• **Work to complete**: Every line from the one with "Foto 5 de Estudi" to the one with "Bayern 1 Disco – Foto 67", including those two, is to be copied exactly; all other lines of the entries below are left out.

┌──

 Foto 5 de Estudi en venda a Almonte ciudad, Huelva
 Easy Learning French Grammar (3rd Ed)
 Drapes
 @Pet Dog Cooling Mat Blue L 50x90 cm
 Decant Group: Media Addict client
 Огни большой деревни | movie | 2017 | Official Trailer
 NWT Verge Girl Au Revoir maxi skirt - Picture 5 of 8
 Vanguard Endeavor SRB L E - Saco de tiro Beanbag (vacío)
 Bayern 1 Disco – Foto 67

└──
┌──

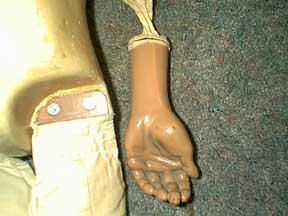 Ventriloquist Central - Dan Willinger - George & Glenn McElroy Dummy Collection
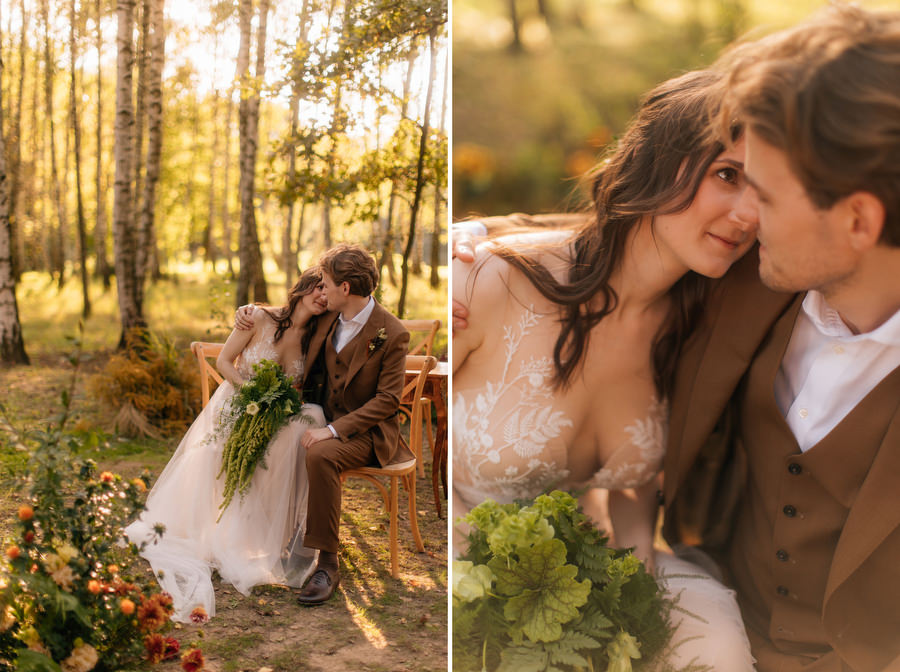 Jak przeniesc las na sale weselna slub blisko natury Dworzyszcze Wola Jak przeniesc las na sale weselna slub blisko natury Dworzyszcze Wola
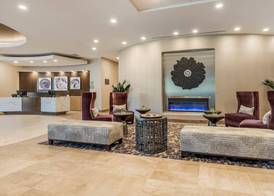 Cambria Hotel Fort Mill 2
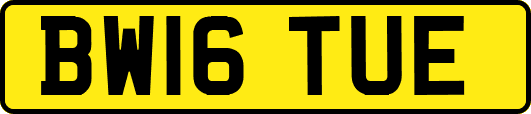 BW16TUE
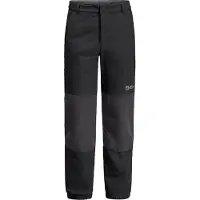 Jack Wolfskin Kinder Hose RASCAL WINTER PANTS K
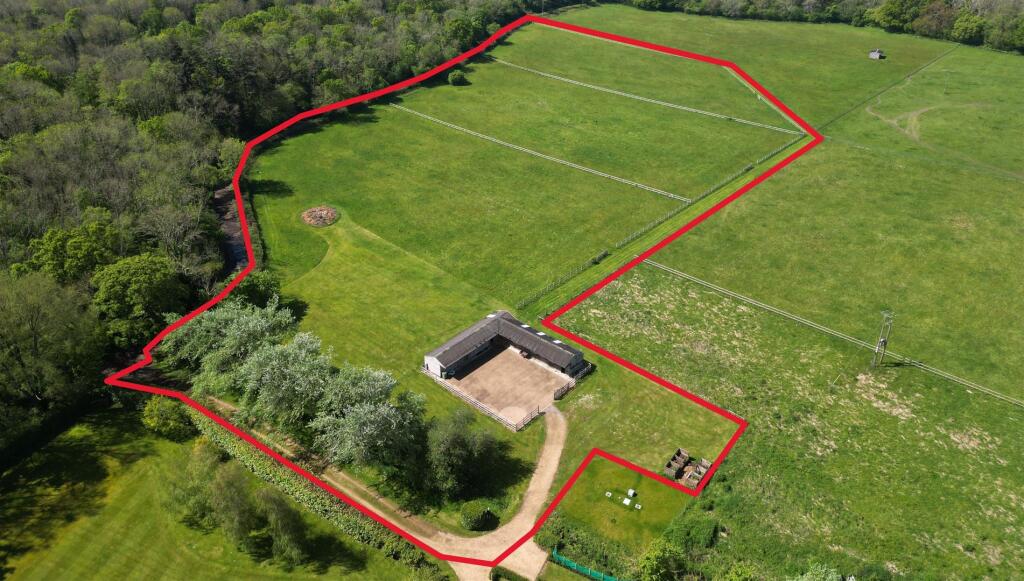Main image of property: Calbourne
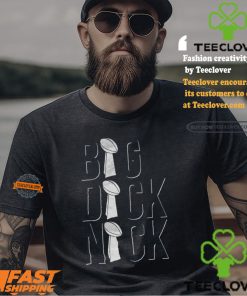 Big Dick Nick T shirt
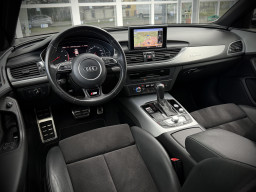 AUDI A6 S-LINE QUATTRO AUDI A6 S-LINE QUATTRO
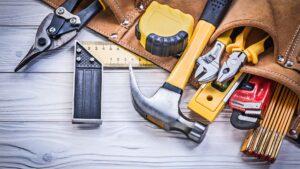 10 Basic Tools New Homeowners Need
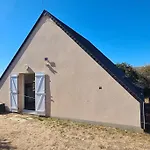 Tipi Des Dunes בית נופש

└──

• **Response area**:
 Foto 5 de Estudi en venda a Almonte ciudad, Huelva
 Easy Learning French Grammar (3rd Ed)
 Drapes
 @Pet Dog Cooling Mat Blue L 50x90 cm
 Decant Group: Media Addict client
 Огни большой деревни | movie | 2017 | Official Trailer
 NWT Verge Girl Au Revoir maxi skirt - Picture 5 of 8
 Vanguard Endeavor SRB L E - Saco de tiro Beanbag (vacío)
 Bayern 1 Disco – Foto 67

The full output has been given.